→ Task statement: Copy out the entire listing below exactly, but without its pictures.
----- Collected material -----
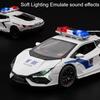 1:32 Scale Revuelto Police Car Model Toy Doors Opened Sound Light Sports Cars Pull Back Alloy Body Vehicle Hobby Decorations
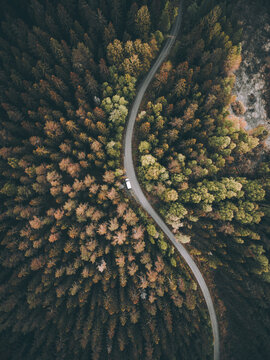 Drone View of Car parked on Forest Road, Gysinge, Sweden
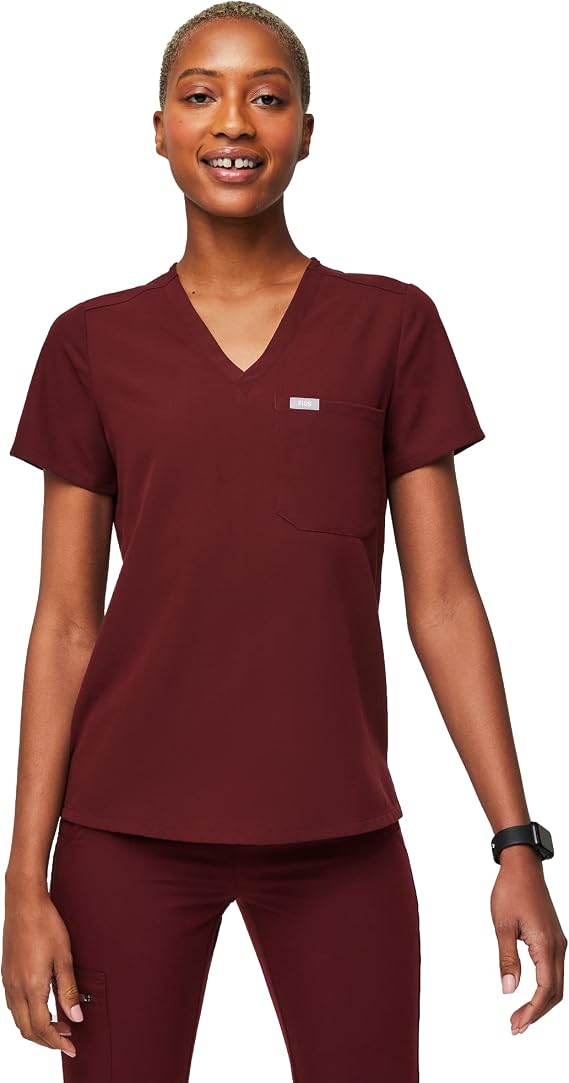 FIGS Catarina One-Pocket Scrub Top for Women | Burgundy, 2XL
-----
→ Finished task:
 1:32 Scale Revuelto Police Car Model Toy Doors Opened Sound Light Sports Cars Pull Back Alloy Body Vehicle Hobby Decorations
 Drone View of Car parked on Forest Road, Gysinge, Sweden
 FIGS Catarina One-Pocket Scrub Top for Women | Burgundy, 2XL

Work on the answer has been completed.